Bounds for a double integral 
*

*I have to integrate $\mathrm{f}\left(x,y\right) \equiv x^{2} + y^{2}$ over a triangular region with vertices $\left(0,0\right), \left(1,0\right)\ \mbox{and}\ \left(0,1\right)$.

*For my upper bound when integrating in respect to $y$, I got $1 - 1x$. Is this correct, and wouldn't this be the upper bound when integrating in respect to x as well ?. 

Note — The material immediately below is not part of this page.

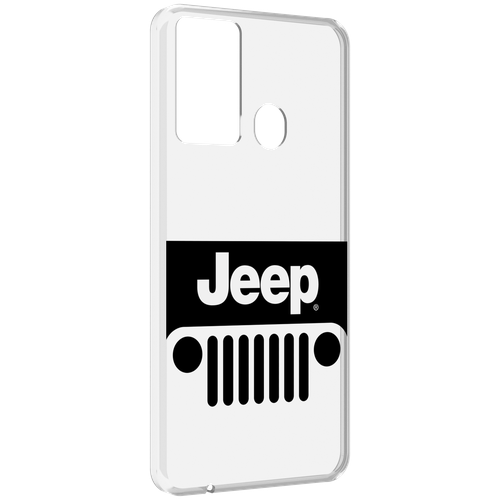 Чехол MyPads jeep-джип-3 мужской для ITEL P37 / ITEL Vision 2S задняя-панель-накладка-бампер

 A: $\newcommand{\bbx}[1]{\,\bbox[15px,border:1px groove navy]{\displaystyle{#1}}\,}
 \newcommand{\braces}[1]{\left\lbrace\,{#1}\,\right\rbrace}
 \newcommand{\bracks}[1]{\left\lbrack\,{#1}\,\right\rbrack}
 \newcommand{\dd}{\mathrm{d}}
 \newcommand{\ds}[1]{\displaystyle{#1}}
 \newcommand{\expo}[1]{\,\mathrm{e}^{#1}\,}
 \newcommand{\ic}{\mathrm{i}}
 \newcommand{\mc}[1]{\mathcal{#1}}
 \newcommand{\mrm}[1]{\mathrm{#1}}
 \newcommand{\pars}[1]{\left(\,{#1}\,\right)}
 \newcommand{\partiald}[3][]{\frac{\partial^{#1} #2}{\partial #3^{#1}}}
 \newcommand{\root}[2][]{\,\sqrt[#1]{\,{#2}\,}\,}
 \newcommand{\totald}[3][]{\frac{\mathrm{d}^{#1} #2}{\mathrm{d} #3^{#1}}}
 \newcommand{\verts}[1]{\left\vert\,{#1}\,\right\vert}$
\begin{align}
&\bbox[10px,#ffd]{\int_{0}^{1}\int_{0}^{1 - y}\pars{x^{2} + y^{2}}
\dd x\,\dd y} =
\int_{0}^{1}\pars{{1 \over 3} -y + 2y^{2} - {4 \over 3}\,y^{3}}\dd y =
\bbx{1 \over 6}
\end{align}

Another way:
\begin{align}
&\bbox[10px,#ffd]{\int_{0}^{1}\int_{0}^{1}\bracks{x + y < 1}
\pars{x^{2} + y^{2}}\dd x\,\dd y} =
2\int_{0}^{1}\int_{0}^{1}\bracks{x + y < 1}x^{2}\,\dd x\,\dd y
\\[5mm] = &\
2\int_{0}^{1}\int_{0}^{1 - y}x^{2}\,\dd x\,\dd y =
2\int_{0}^{1}\int_{0}^{y}x^{2}\,\dd x\,\dd y =
2\int_{0}^{1}{y^{3} \over 3}\,\dd y
\\[5mm] = &\
{2 \over 3}\times {1 \over 4} = \bbx{1 \over 6}
\end{align}